Today now has much in it. I start the work in the two new schools where I’m consulting. My youngest daughter wants to talk through a business loan and more. I keep being reminded to take all of this in stride for God is in charge. In fact, this morning I was reminded by Him that He not only wants me doing His Kingdom Work, but as I step into it this day He wants it to look like Him and not me. If my attitude isn’t tuned into His Ways, I will only reflect me. When I’m working with my own kids it is not always easy to keep my attitude in check. However, I want to be a good steward of God’s attitude towards us. So, here we go. God is such a loving, kind and caring God. I love receiving His love and giving it.

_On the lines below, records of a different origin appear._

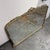 Rococo Revival Gilt Framed Wall Mirror, Vintage For Sale - Image 10 of 12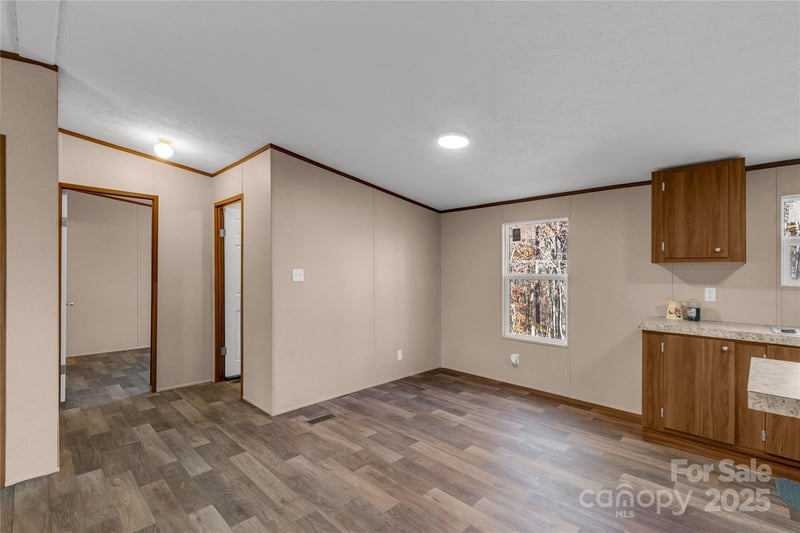 850 Mereva Rd, Smyrna, SC 29743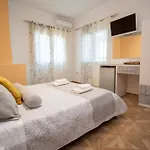 Apartman Dagos Dhërmi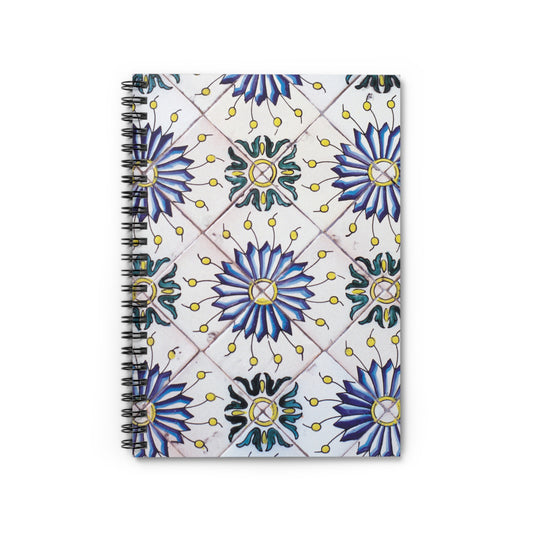 Personalized Design, Custom Text or Image, Your Idea on Journal, Mug, Blanket, Shirt, Digital or Printed Gift, Unique Custom Gift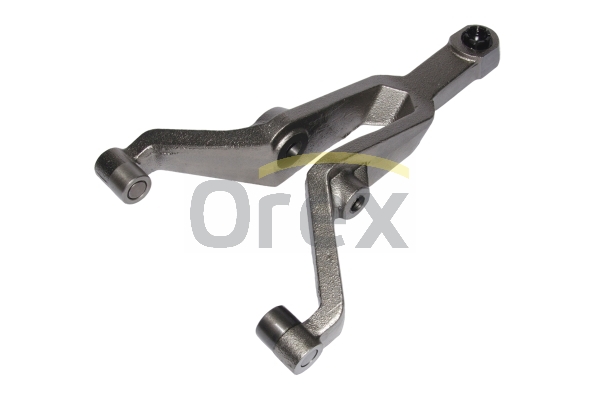 Furca decuplare, ambreiaj 326002 OREX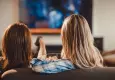 Kumanda elinizde, seçenekler karşınızda: Bugün televizyonda ne var? 22 Nisan TV yayın akışı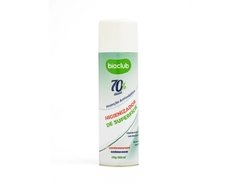 Higienizador Spray Bioclub® 300ml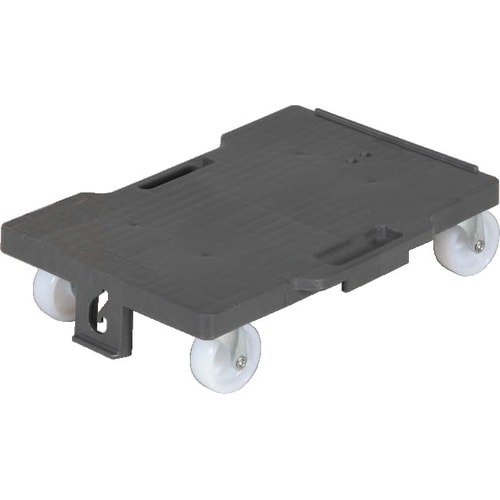 サンキャリー4027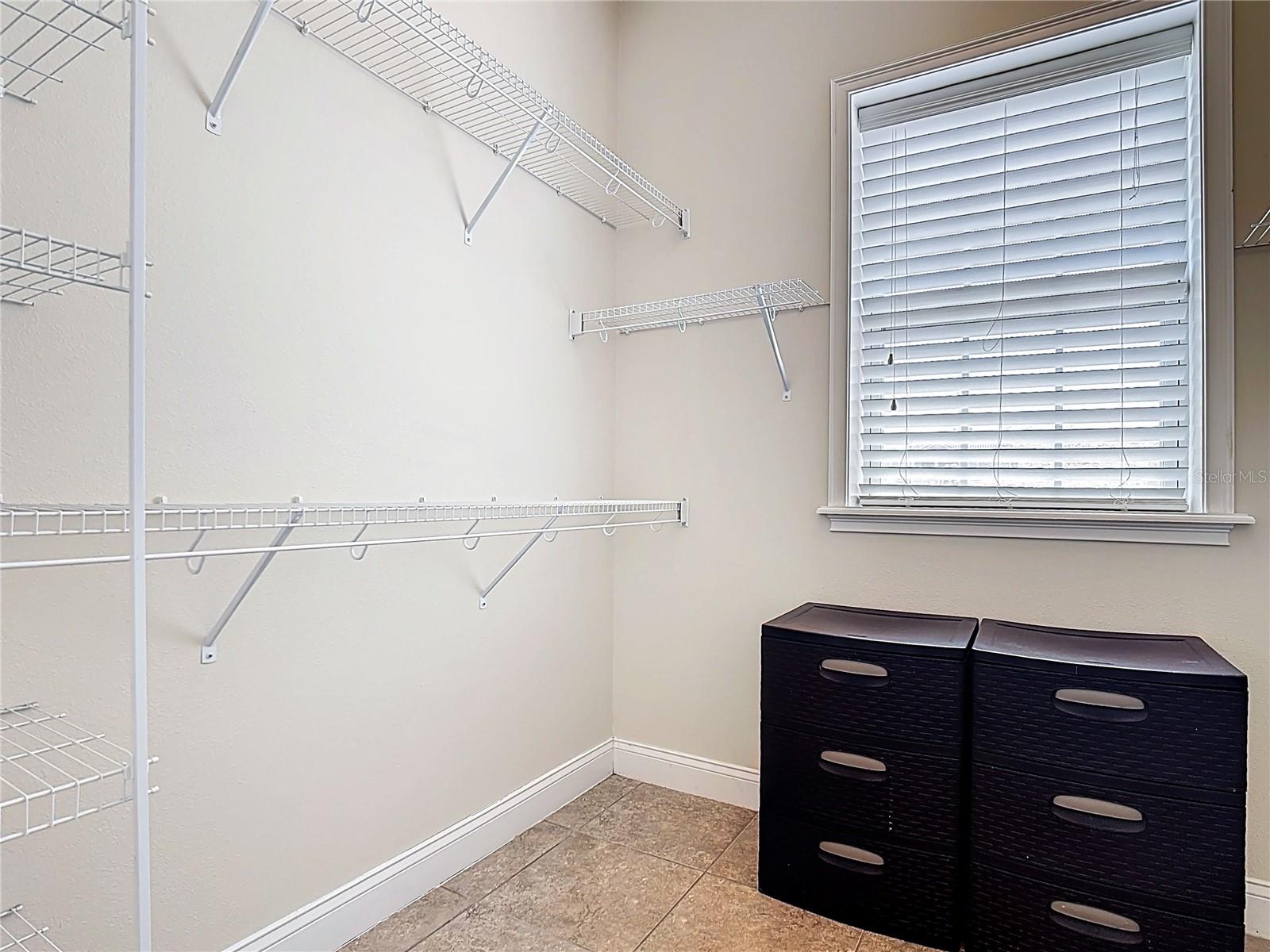 Image 18 of 60 For 4441 Deer Run Road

Today Kathy and I go on a weekend trip with another couple visiting friends in another state. These are very close friends we are going to see so I know the time will be filled with fun and laughter. However, there is an overriding sense of heaviness which supersedes all the other feelings. That heaviness is weight of bondage. Our trip is primarily to give support where it is needed. These friends had found freedom from their hurts, hang-ups and habits while living here. After their move the old temptations began to return. Support is thin where they live and reaching out is not happening except to those here. So, in some way, I feel like we are on assignment today and through the weekend. I don’t have a plan except to listen closely to God’s Holy Spirit within and respond accordingly.
Yesterday was spent reactivating the consulting work I haven’t done for a few years. I spent the day with the two principals I’ll work with in their schools as well as with their superintendent. I felt as though we can make some great progress as we move forward. It will be a good team.
Many months ago I thought I needed to pull completely away from this consulting work but God helped me understand that my pulling away was more about what I thought I was to do for Him rather than what He wanted me doing for Him. Now that this is clear, I feel free. The bondage of completing a task for God hoping I’m doing it well for Him is replaced with the inspiration to complete the work with Him. God never ceases to be AMAZING.